Although President Bush and other senior administration officials were at that time regularly linking Hussein to al-Qaeda, the CIA's highly sensitive intelligence supporting the contrary view was apparently not passed on to the White House or senior Bush policymakers.
Sen. Pat Roberts (R-Kan.) and two GOP colleagues on the committee disclosed this information for the first time in the panel's report on Iraq released last week. They wrote in the "additional views" section of the report that the Cabinet-level Iraqi official "said that Iraq has no past, current, or anticipated future contact with Osama bin Laden and al Qaeda" and that the official "added that bin Laden was in fact a longtime enemy of Iraq."
On Sept. 25, 2002, just days after the CIA received the source's information, President Bush told reporters: "Al-Qaeda hides. Saddam doesn't, but the danger is, is that they work in concert. The danger is, is that al-Qaeda becomes an extension of Saddam's madness and his hatred and his capacity to extend weapons of mass destruction around the world. . . . [Y]ou can't distinguish between al-Qaeda and Saddam when you talk about the war on terror."
According to the three Republicans, the CIA said it did not disseminate the intelligence about the lack of a Hussein-bin Laden connection because "it did not provide anything new."
But other information obtained at the same time from the same source that paralleled what administration officials were saying was immediately passed on to "alert" the president and other senior policymakers, the three Republicans said. A "highly restricted intelligence report" conveyed the source's claim that although Iraq had no nuclear weapon, Hussein was covertly developing one and had stockpiled chemical weapons, according to the committee members.
CIA spokesman Paul Gimigliano said he could not provide additional information about the situation beyond what is in the Senate report, but he added that "the agency's decisions to disseminate intelligence are not guided by political considerations."
Committee staff members would not expand on the report's language other than to say the Hussein-bin Laden material was maintained within the CIA at a high level with limited access.
Former senior CIA officials said it was unclear what happened to the Hussein-bin Laden information, although two former aides to then-CIA Director George J. Tenet said they could not remember if they received the original information. "Nothing was withheld from the White House," one former aide said, although there was "a lot of debate inside the agency about the Saddam-al-Qaeda relationship" because it was the focus of repeated questions from administration officials, including Vice President Cheney and his then-chief of staff, I. Lewis "Scooter" Libby.
The high-level Iraqi official, who was not identified in the Senate report, was Naji Sabri, then foreign minister. A senior CIA officer, after months of trying, was able to question him through a trusted agency intermediary when Sabri was in New York City around Sept. 19, 2002.
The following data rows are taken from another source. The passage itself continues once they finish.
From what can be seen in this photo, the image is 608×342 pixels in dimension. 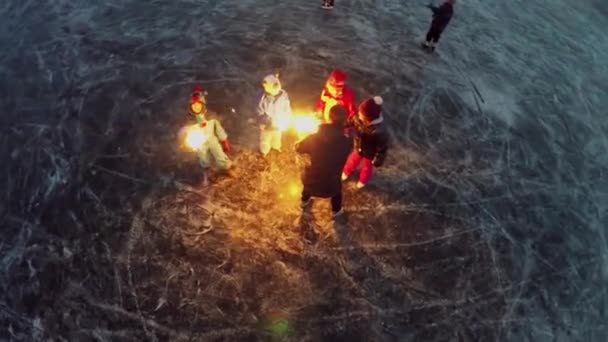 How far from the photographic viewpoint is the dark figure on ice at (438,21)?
319 inches

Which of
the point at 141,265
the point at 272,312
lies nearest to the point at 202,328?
the point at 272,312

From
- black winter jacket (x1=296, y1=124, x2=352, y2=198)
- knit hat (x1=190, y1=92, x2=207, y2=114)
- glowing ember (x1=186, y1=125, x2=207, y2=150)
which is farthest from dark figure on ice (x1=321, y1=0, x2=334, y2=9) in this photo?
black winter jacket (x1=296, y1=124, x2=352, y2=198)

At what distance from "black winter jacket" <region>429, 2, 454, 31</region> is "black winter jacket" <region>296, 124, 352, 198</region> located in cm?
508

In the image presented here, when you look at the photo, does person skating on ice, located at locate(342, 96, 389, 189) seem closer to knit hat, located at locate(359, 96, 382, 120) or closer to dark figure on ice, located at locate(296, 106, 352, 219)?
knit hat, located at locate(359, 96, 382, 120)

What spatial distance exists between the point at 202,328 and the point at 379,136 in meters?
3.56

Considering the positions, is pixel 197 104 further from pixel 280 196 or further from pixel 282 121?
pixel 280 196

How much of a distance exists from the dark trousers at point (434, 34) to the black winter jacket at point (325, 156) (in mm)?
5442

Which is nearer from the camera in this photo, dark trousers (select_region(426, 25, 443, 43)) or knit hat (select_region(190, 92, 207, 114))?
knit hat (select_region(190, 92, 207, 114))

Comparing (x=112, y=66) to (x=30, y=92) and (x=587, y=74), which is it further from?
(x=587, y=74)

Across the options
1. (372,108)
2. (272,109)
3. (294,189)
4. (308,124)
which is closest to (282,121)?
(272,109)

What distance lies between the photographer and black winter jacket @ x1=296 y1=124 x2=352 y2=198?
470 centimetres

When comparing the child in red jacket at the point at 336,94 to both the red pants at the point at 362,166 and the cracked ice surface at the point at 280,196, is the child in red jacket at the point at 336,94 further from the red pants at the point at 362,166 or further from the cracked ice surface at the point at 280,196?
the cracked ice surface at the point at 280,196

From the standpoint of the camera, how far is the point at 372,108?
481cm

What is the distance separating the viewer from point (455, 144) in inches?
288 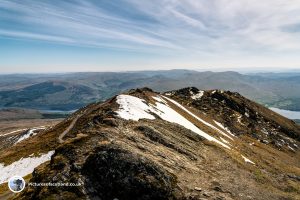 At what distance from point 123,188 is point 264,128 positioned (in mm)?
108969

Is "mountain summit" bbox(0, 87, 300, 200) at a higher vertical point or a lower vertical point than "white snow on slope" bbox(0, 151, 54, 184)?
higher

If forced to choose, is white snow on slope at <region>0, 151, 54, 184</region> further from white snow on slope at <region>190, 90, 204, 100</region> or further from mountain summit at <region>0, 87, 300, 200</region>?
white snow on slope at <region>190, 90, 204, 100</region>

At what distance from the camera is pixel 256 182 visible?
41.4 meters

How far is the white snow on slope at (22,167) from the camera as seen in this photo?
166 feet

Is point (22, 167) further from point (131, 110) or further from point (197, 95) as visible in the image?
point (197, 95)

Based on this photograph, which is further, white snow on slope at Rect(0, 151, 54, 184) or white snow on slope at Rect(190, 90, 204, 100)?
white snow on slope at Rect(190, 90, 204, 100)

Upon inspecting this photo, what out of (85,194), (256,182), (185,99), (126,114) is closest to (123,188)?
(85,194)

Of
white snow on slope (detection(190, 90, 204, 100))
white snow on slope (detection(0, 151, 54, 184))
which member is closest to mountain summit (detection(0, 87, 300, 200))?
white snow on slope (detection(0, 151, 54, 184))

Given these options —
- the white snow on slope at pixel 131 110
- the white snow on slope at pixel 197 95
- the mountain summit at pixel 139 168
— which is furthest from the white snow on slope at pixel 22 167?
the white snow on slope at pixel 197 95

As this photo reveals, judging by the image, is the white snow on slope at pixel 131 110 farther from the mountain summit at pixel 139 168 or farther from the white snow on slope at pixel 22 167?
the white snow on slope at pixel 22 167

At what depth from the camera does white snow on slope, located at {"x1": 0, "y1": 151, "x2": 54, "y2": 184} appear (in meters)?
50.5

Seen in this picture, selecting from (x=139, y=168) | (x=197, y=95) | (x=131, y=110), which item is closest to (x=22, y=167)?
(x=131, y=110)

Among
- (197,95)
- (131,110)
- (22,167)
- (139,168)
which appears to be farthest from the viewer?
(197,95)

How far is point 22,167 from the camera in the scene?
52625mm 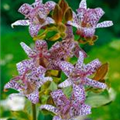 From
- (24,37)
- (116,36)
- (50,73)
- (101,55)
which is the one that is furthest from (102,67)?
(116,36)

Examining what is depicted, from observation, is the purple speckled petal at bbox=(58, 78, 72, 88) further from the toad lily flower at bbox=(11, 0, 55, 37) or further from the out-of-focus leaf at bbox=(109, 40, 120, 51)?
the out-of-focus leaf at bbox=(109, 40, 120, 51)

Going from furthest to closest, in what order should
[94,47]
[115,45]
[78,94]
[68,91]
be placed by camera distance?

According to former intelligence officials, the CIA case officer filed two separate reports describing his questioning of Sabri. One, involving the Iraq weapons program, would go to analysts interested in that subject, the officer believed; the second, about Hussein and bin Laden, would go to the CIA counterterrorism center. The officer, however, passed his material on to senior agency officials in New York and was not aware of how it was eventually distributed.
Sabri's role as an intelligence source for the CIA has already been publicly reported. New details, including a payment of $200,000 to the intermediary and a secret signal system to assure the CIA officer that Sabri was cooperating, are contained in the recently released book "Hubris," by Michael Isikoff of Newsweek and David Corn, Washington correspondent for the magazine the Nation.